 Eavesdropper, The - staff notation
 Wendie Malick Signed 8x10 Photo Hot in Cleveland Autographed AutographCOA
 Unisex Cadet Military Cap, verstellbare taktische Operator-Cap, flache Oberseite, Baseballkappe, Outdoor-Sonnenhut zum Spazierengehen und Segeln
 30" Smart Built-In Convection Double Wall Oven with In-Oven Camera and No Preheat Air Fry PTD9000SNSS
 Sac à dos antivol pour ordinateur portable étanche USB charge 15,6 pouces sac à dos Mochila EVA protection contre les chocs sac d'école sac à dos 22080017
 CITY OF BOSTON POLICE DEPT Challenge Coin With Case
_ _ _
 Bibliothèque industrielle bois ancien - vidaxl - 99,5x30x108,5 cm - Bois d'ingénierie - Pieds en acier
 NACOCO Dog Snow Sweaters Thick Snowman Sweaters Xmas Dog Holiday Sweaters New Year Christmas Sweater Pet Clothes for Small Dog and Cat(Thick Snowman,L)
_ _ _
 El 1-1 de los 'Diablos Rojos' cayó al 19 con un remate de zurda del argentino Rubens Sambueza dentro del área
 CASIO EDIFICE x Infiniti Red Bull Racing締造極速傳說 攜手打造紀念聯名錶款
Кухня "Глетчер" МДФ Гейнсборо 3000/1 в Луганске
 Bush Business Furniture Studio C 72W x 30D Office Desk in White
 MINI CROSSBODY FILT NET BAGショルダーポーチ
_ _ _
**The problem**
Using the entries shown above, reproduce verbatim the lines from the line bearing "Eavesdropper, The - staff notation" to the line bearing "Unisex Cadet Military", inclusive.

**Solution**
 Eavesdropper, The - staff notation
 Wendie Malick Signed 8x10 Photo Hot in Cleveland Autographed AutographCOA
 Unisex Cadet Military Cap, verstellbare taktische Operator-Cap, flache Oberseite, Baseballkappe, Outdoor-Sonnenhut zum Spazierengehen und Segeln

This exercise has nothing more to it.